No matter how the form of action is cast we can see no way in which the plaintiff is entitled to maintain it under the proof offered. The plaintiff has not alleged that the defendant was guilty of fraud. It has not sought to rescind the contract, but on the contrary has elected to proceed under it and to remove the metal. The plaintiff does not assert that there was no contract between itself and the defendant because of a substantial failure *850of consideration or failure of the parties to agree on terms. The plaintiff asserts merely that the defendant breached the contract by failing to deliver all of the articles from item 913 which were in the piles prior to the sale, or in the alternative, that the defendant was guilty of conversion in removing from the piles articles which it, the plaintiff, asserts it had purchased.
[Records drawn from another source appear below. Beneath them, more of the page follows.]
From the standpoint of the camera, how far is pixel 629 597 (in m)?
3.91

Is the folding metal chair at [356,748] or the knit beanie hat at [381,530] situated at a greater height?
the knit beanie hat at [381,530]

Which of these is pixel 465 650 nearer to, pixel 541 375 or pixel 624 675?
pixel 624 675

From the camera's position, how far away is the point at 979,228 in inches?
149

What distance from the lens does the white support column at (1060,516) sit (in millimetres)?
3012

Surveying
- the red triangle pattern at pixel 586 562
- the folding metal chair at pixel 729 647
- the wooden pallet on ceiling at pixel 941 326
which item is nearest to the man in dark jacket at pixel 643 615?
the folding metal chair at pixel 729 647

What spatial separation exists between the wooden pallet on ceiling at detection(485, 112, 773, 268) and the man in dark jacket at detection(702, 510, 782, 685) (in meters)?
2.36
We agree with the court below that the defendant was guilty of practices far too sharp for approval. The parties dealt at arm’s length. The conditions of sale were express. The plaintiff apparently thought that the defendant would not remove the valuable articles from the piles, though the catalogue stated plainly that the defendant would sell only those articles which it did not reserve to itself. Title did not pass until the defendant made its reservations. It follows, as the district court found, that an action of trover cannot be maintained. There was no contract between the defendant and the plaintiff to sell the contents of item 913 as they were at the time of the bidding. Therefore there was no breach of contract. It is the law of Pennsylvania as to sales at auction that there is no warranty save warranty of title. Wisneski v. Kravitz, 33 Luz.L.F.Reg.Rep., Pa., 208. It is also the law of that state that the terms of a sale at auction are binding upon the bidder. Hunsberger v. Hartzell, 1 Montg., Pa., 66. The maxim caveat emptor is peculiarly applicable to sales at public auction.

The judgment will be affirmed.

Finding of Fact No. 7.

Finding of Fact No. 6.

It is not clear whether this witness meant that 50% or 20% of the articles in the piles were of special value. Compare this testimony p. 75a with that transcribed at p. 76a. We have taken the lower figure.